**TASK TO COMPLETE:** Every line from the one with "Knit Cardigan | Orson Gray sculpted front" through the end of the material below, both ends included, should be transcribed exactly, without pictures.

——————————

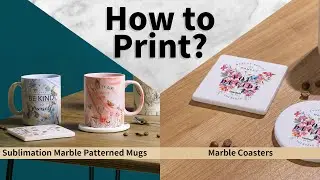 Sublimation Marble Patterned Mugs & Marble Coasters | DIY Marble Decor | Marble Texture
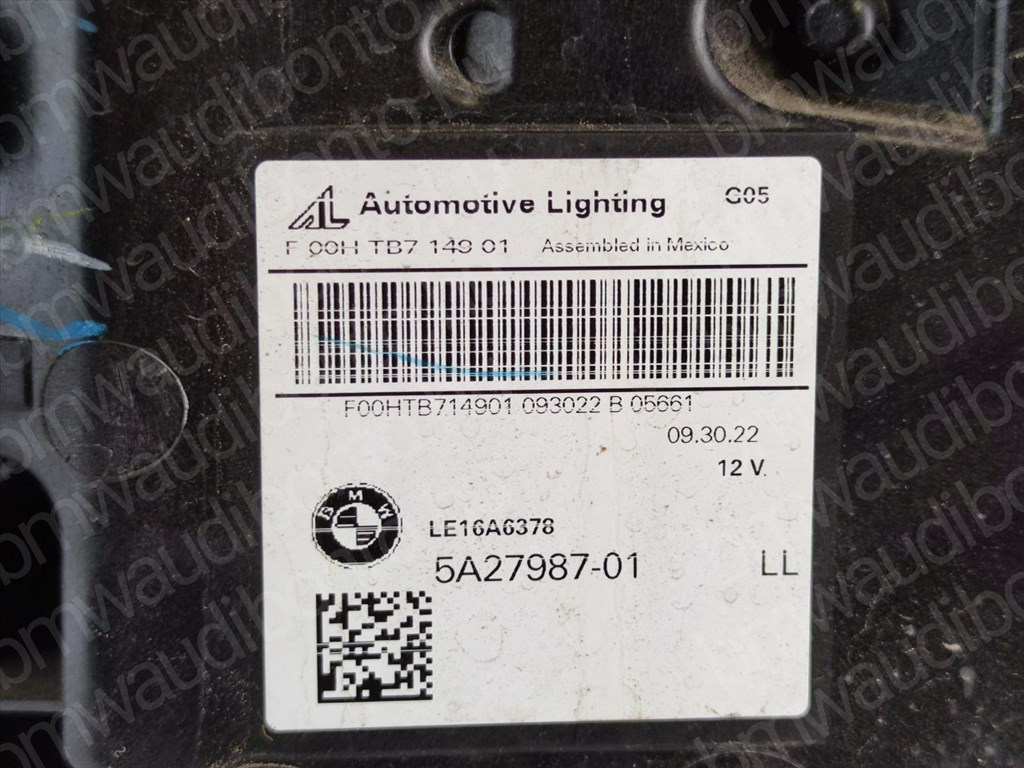 BMW X5 (G05, F95) Bal első LED fényszóró (5A27987) 2. kép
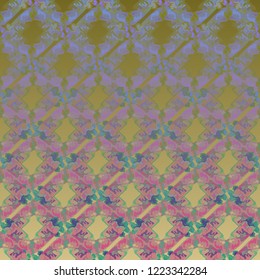 Magic abstract background multicolored geometric simmetric chaos.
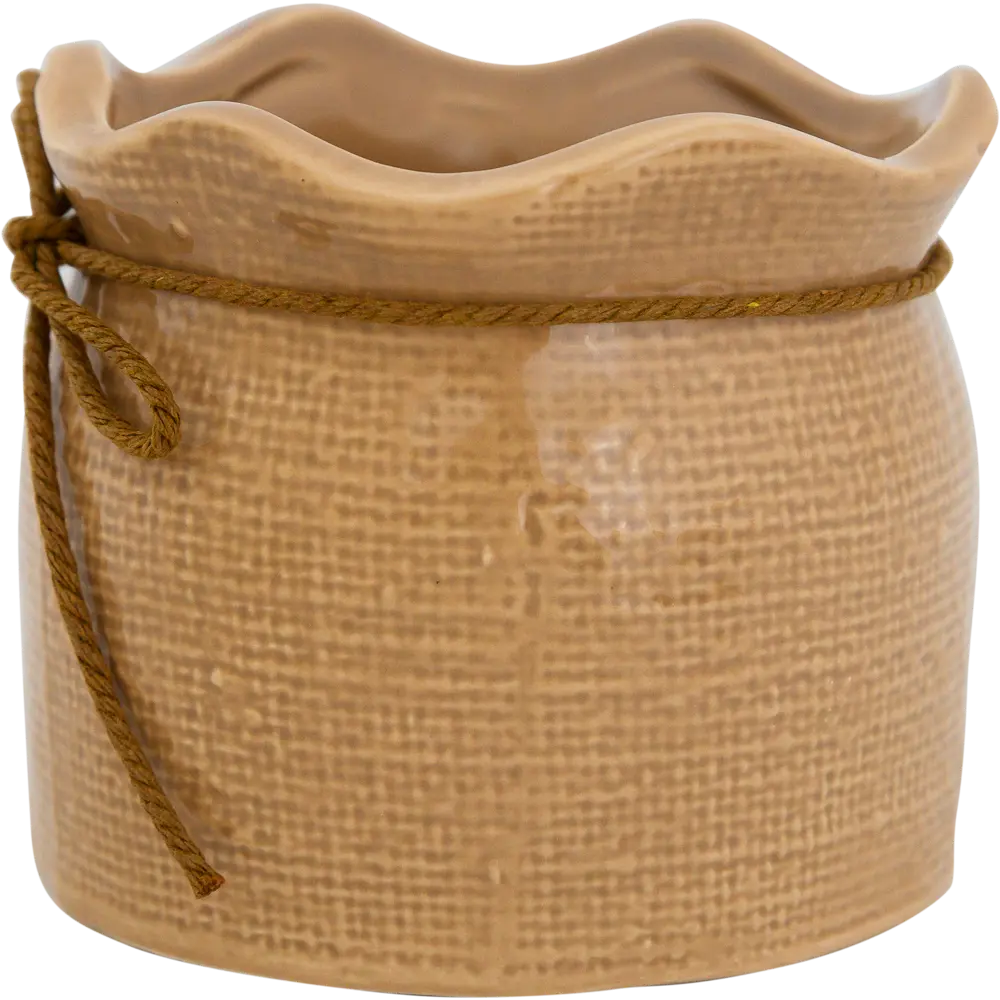 Кашпо-кактусник 9.5x9x12 см v0.6 л керамика бежевый GARDMAX STLM-2084724 - Вид №2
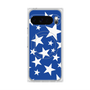 Premium Square Case with Pixelsnap［ Stars - Blue ］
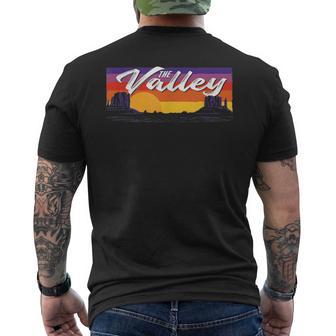 Vintage Sunset Phoenix Arizona Classic Arizona Men's T-shirt Back Print - Monsterry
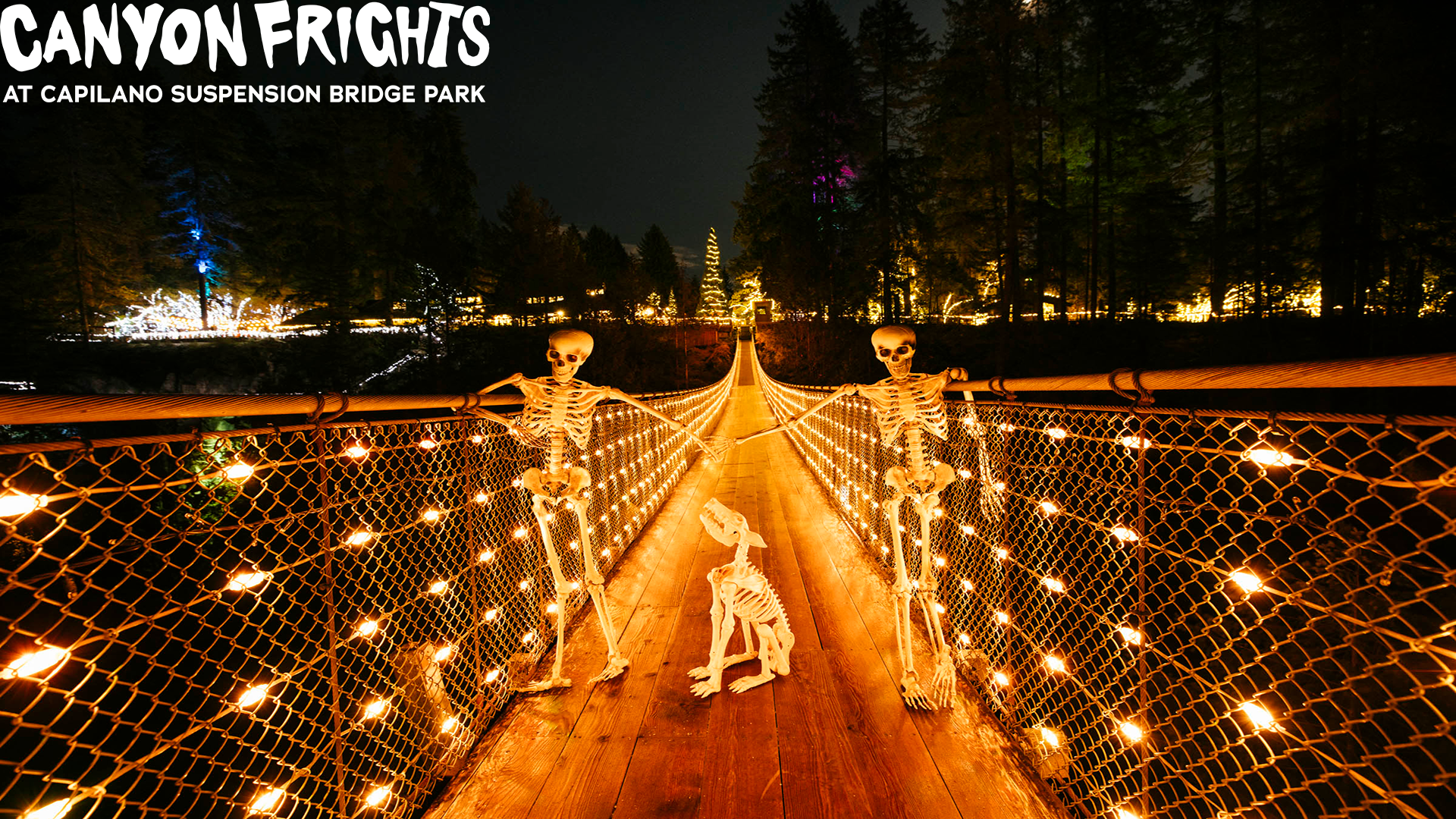 Win a family 4-pack of tickets to Canyon Frights at Capilano Suspension Bridge Park!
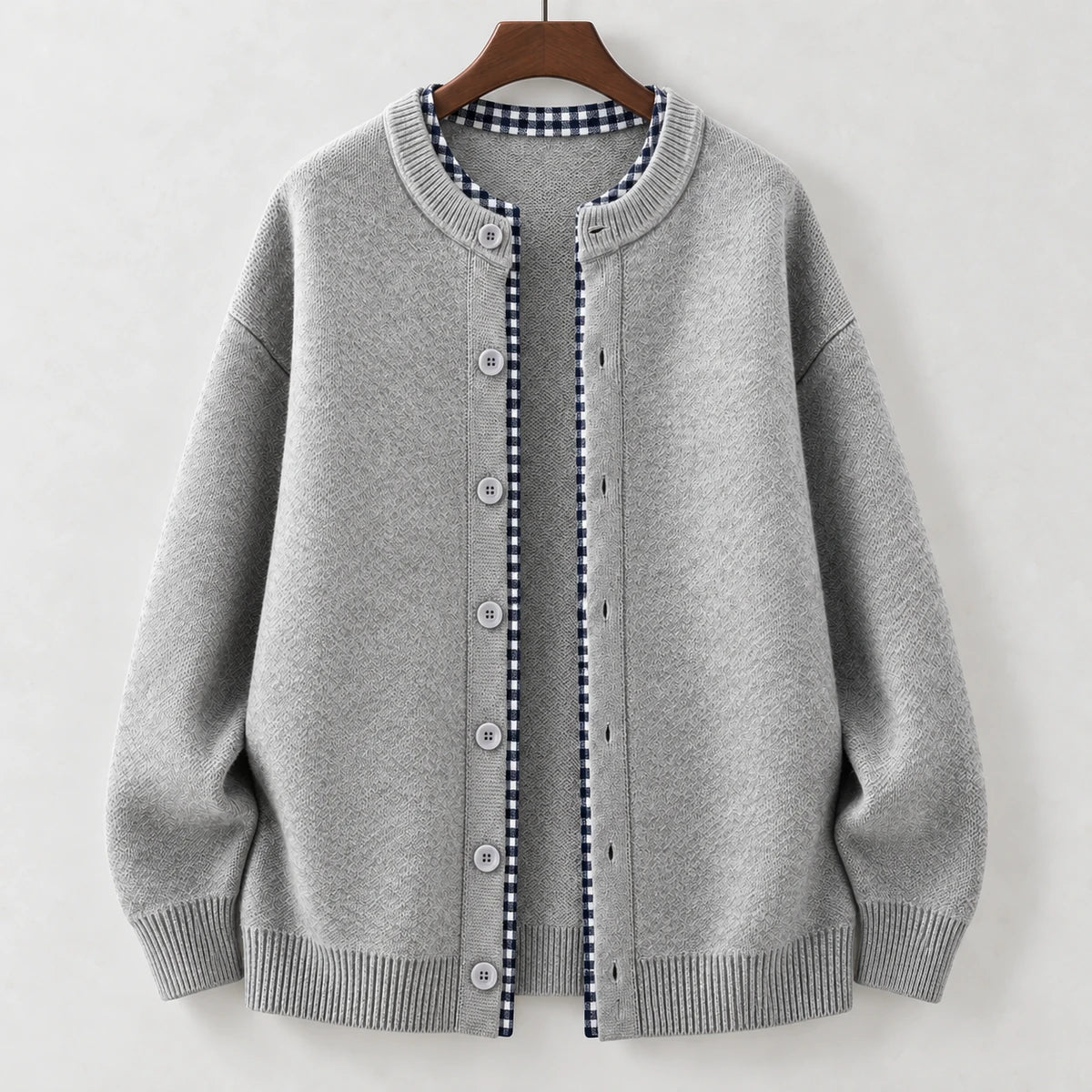 Knit Cardigan | Orson Gray sculpted front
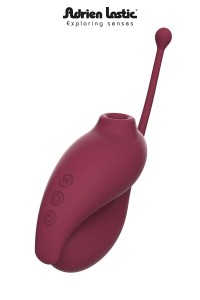 Vibrating egg and clitoral stimulator connected - Inspiration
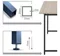 Image Masă de birou Nowy Styl FOLD 1200 Black/Anthracite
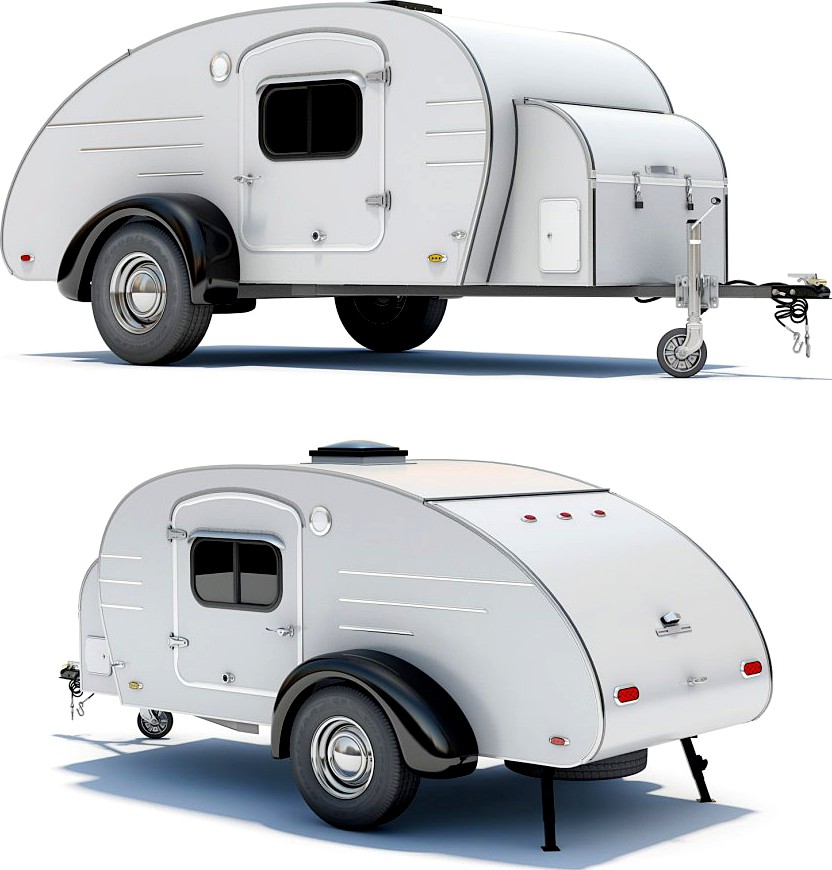 Teardrop Trailer 013d model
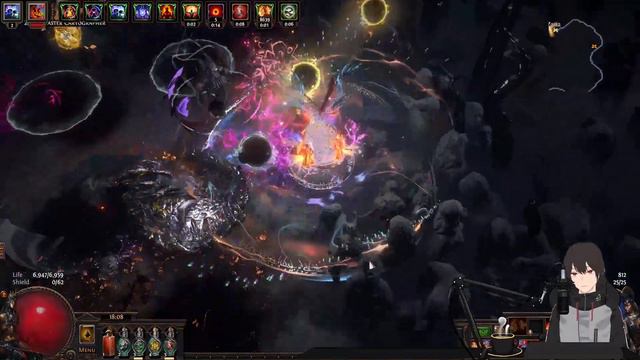 [POE 3.18] Fire Trap Jugg - Uber Elder Fight - HC SSF, 3.18 Sentinel League смотреть онлайн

——————————

**RESULT OF THIS EXERCISE:**
 Knit Cardigan | Orson Gray sculpted front
 Vibrating egg and clitoral stimulator connected - Inspiration
 Image Masă de birou Nowy Styl FOLD 1200 Black/Anthracite
 Teardrop Trailer 013d model
 [POE 3.18] Fire Trap Jugg - Uber Elder Fight - HC SSF, 3.18 Sentinel League смотреть онлайн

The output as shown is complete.